> [WHAT TO WORK ON]:
Skip the images and print the listing exactly.

> [SUPPLIED DATA]:
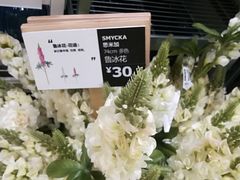 -IKEA宜家家居(南京商场)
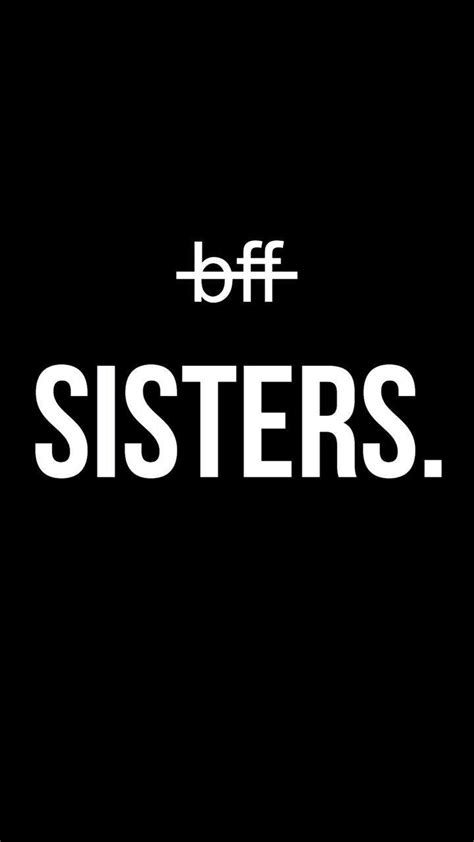 Bff Wallpapers Top Free Bff Backgrounds Wallpaperaccess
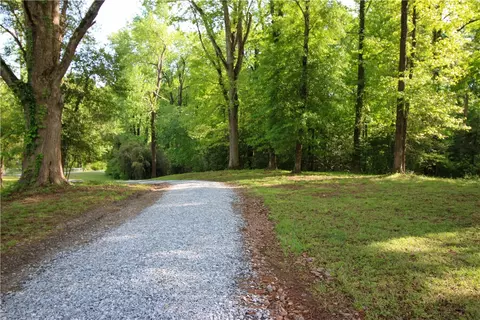 104 Chadwick Rd, Anderson, SC 29621 photo 46
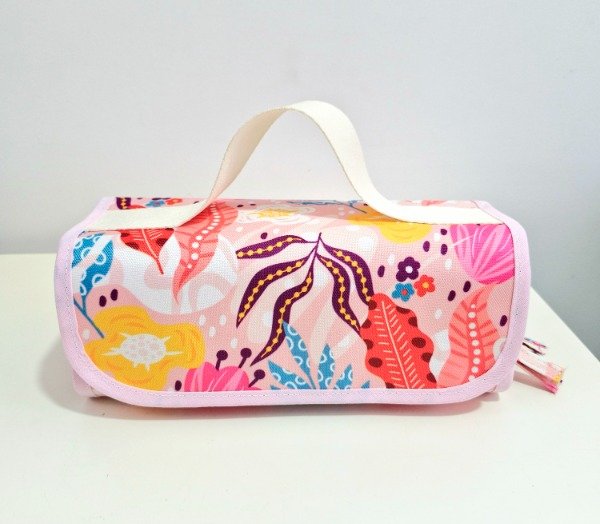 Producto - Murcia Flores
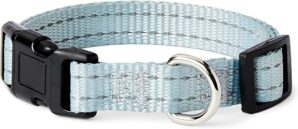 Amazon Basics Reflective Polyester ...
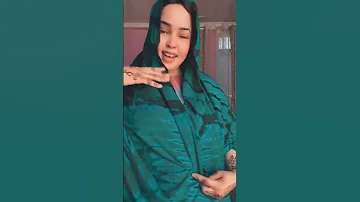 Idil Nayruush Dhaanto 2023 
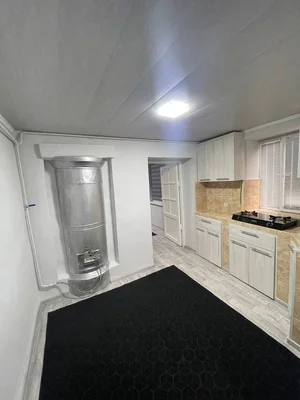 Фото 6 1-комн. квартира в Мирабадском р-не, ориентир Психушка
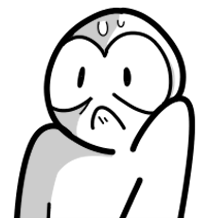 umm Discord emoji - free download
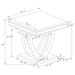 Kerwin Coffee Table Sets - Time 2 Sleep (West Covina, CA)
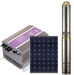 Advertising Signs, solar products, promotion pens etc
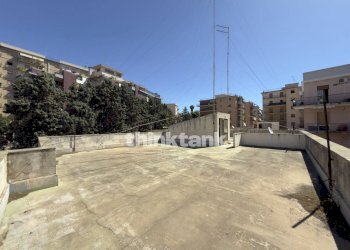 Foto 40 - Four-room apartment Viale Teracati, Siracusa - photo 40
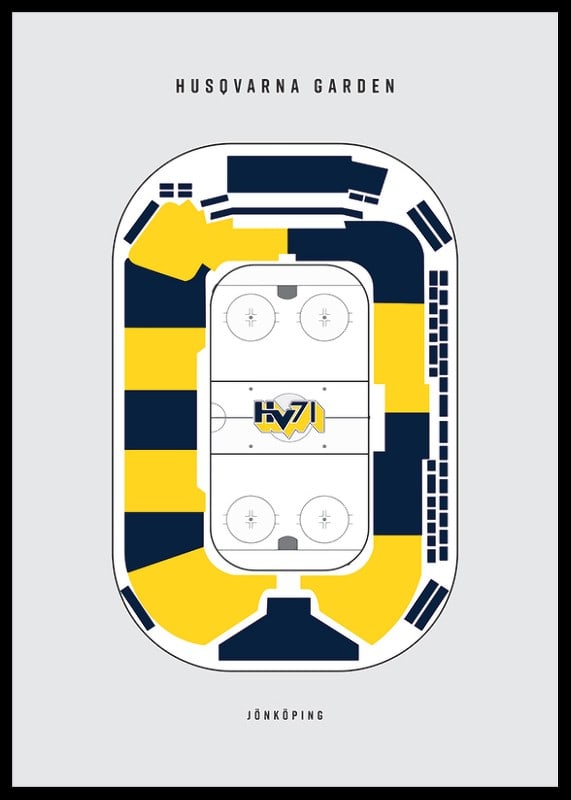 HV71 Husqvarna Garden Skiss-12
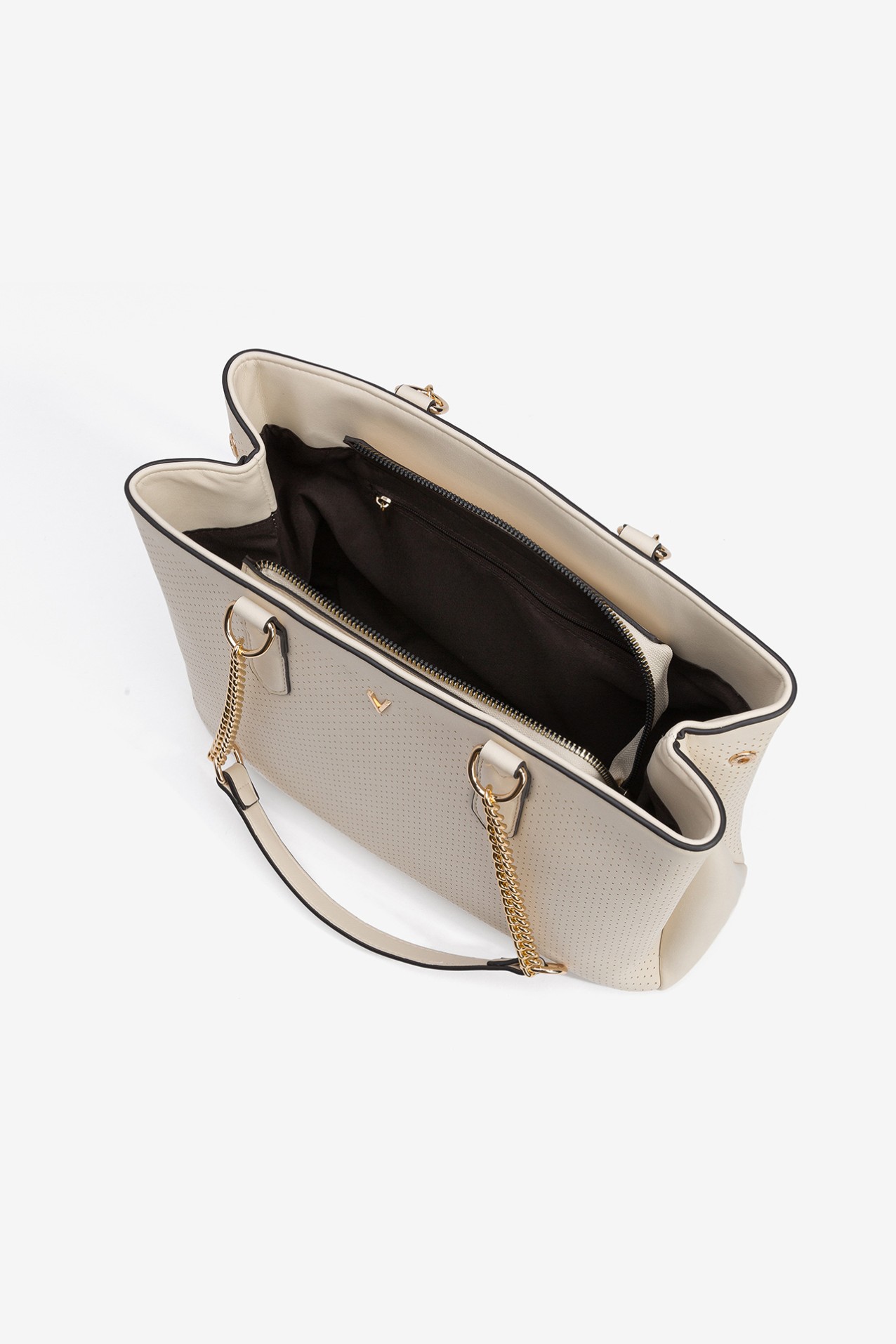 Mala City Efeito Camura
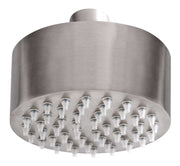 INOX MINI OVERHEAD SHOWER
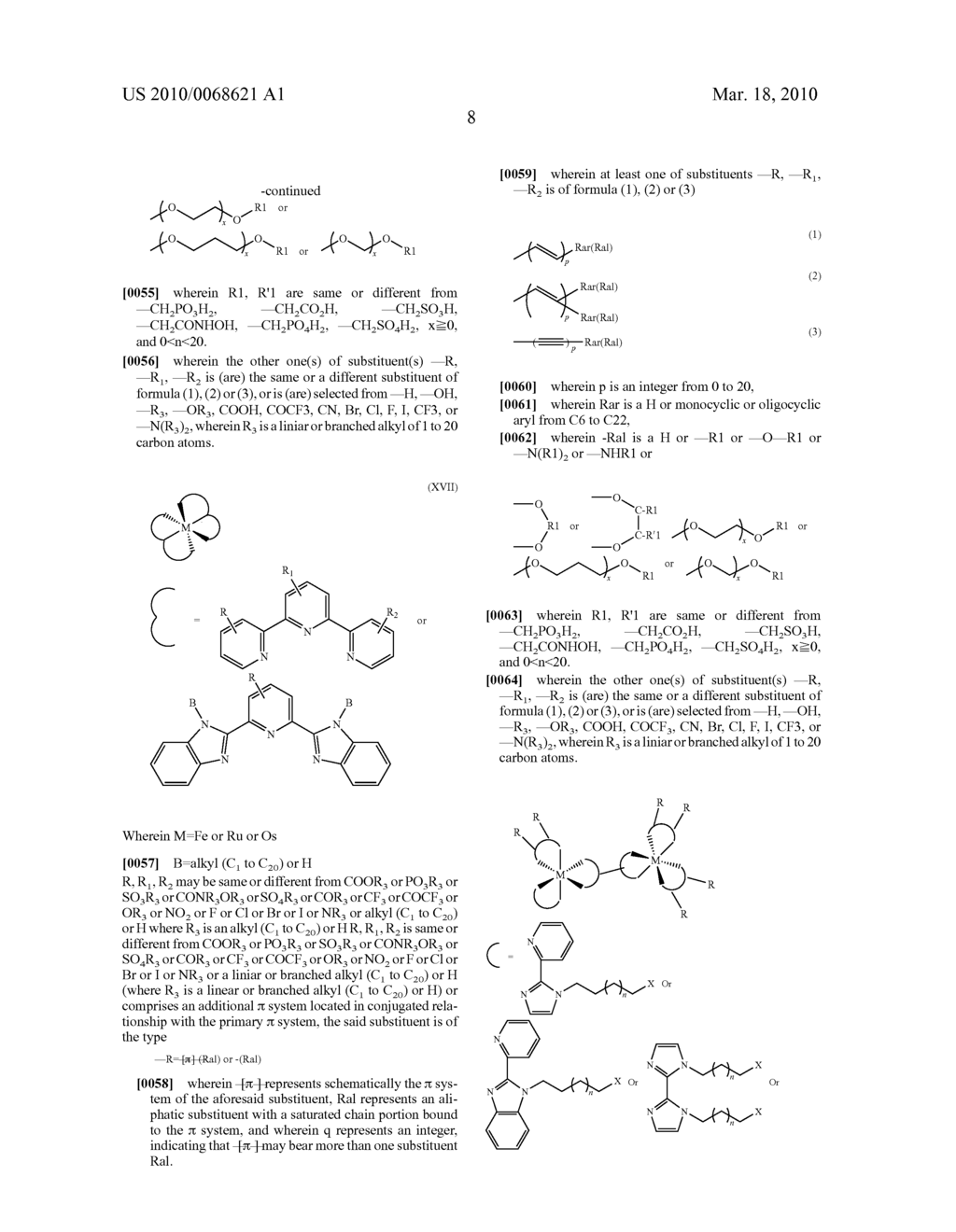 NANOTUBE WIRING - diagram, schematic, and image 18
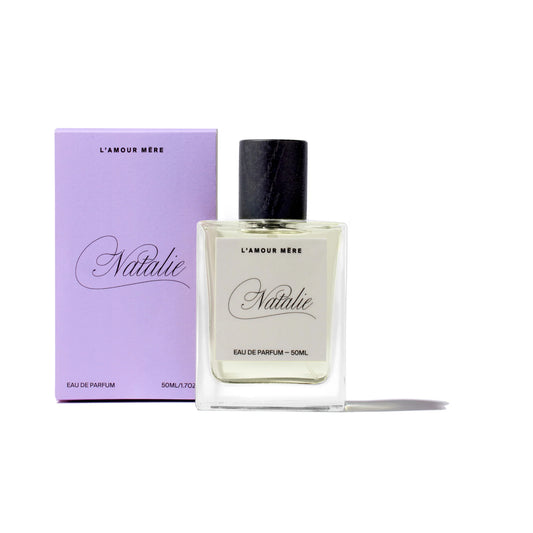 Natalie Perfume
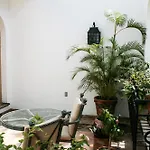 Casa Juan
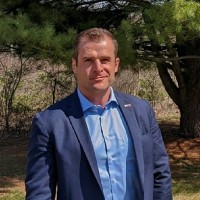 Martin Hnizda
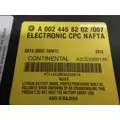 FREIGHTLINER CASCADIA 125 CAB CONTROL UNIT MODULE thumbnail 2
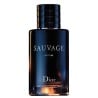 Christian Dior Sauvage Parfum Парфюм за мъже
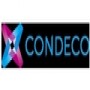 Condeco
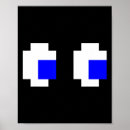 Suche nach 8 bit pixel poster Gamer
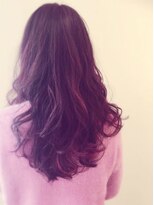 モードケイズ 尼崎店(MODE K's)&nbsp;ピンクラベンダー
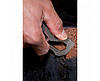 Мультитул Leatherman Piranha, фото 8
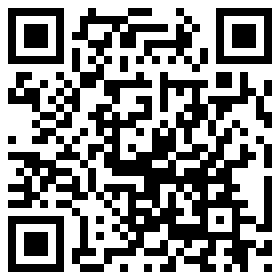 qrcode für Triton RXA-04-AS4-BAX-A1 - 19"Wandgehäuse 4HE 1 teilig T400 Schwarz zerlegt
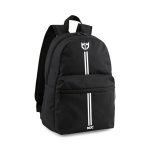 back pack for men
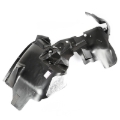 Picture of OMIX OMI Fenders - 12040.11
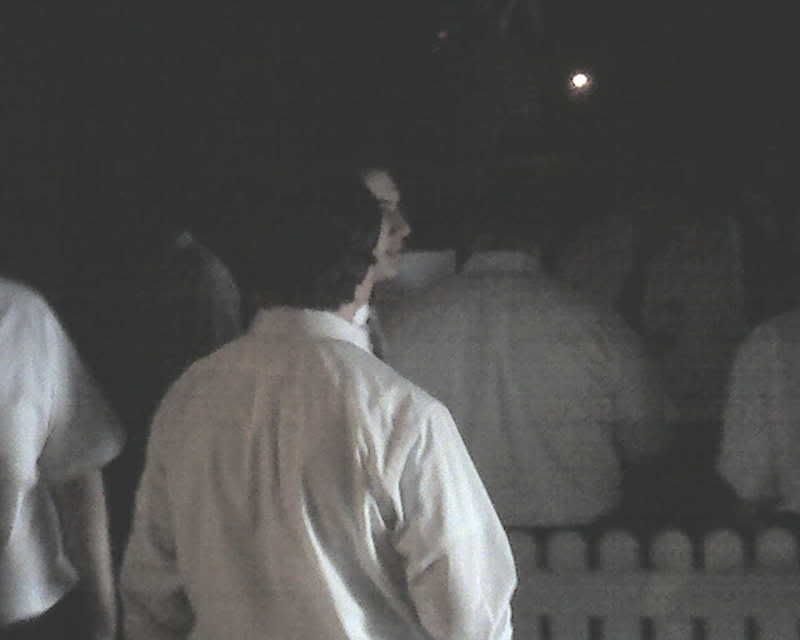 img137.jpg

> [RESULT FOR THIS TASK]:
 -IKEA宜家家居(南京商场)
 Bff Wallpapers Top Free Bff Backgrounds Wallpaperaccess
 104 Chadwick Rd, Anderson, SC 29621 photo 46
 Producto - Murcia Flores
 Amazon Basics Reflective Polyester ...
 Idil Nayruush Dhaanto 2023 
 Фото 6 1-комн. квартира в Мирабадском р-не, ориентир Психушка
 umm Discord emoji - free download
 Kerwin Coffee Table Sets - Time 2 Sleep (West Covina, CA)
 Advertising Signs, solar products, promotion pens etc
 Foto 40 - Four-room apartment Viale Teracati, Siracusa - photo 40
 HV71 Husqvarna Garden Skiss-12
 Mala City Efeito Camura
 INOX MINI OVERHEAD SHOWER
 NANOTUBE WIRING - diagram, schematic, and image 18
 Natalie Perfume
 Casa Juan
 Martin Hnizda
 FREIGHTLINER CASCADIA 125 CAB CONTROL UNIT MODULE thumbnail 2
 Christian Dior Sauvage Parfum Парфюм за мъже
 Condeco
 Suche nach 8 bit pixel poster Gamer
 モードケイズ 尼崎店(MODE K's)&nbsp;ピンクラベンダー
 Мультитул Leatherman Piranha, фото 8
 qrcode für Triton RXA-04-AS4-BAX-A1 - 19"Wandgehäuse 4HE 1 teilig T400 Schwarz zerlegt
 back pack for men
 Picture of OMIX OMI Fenders - 12040.11
 img137.jpg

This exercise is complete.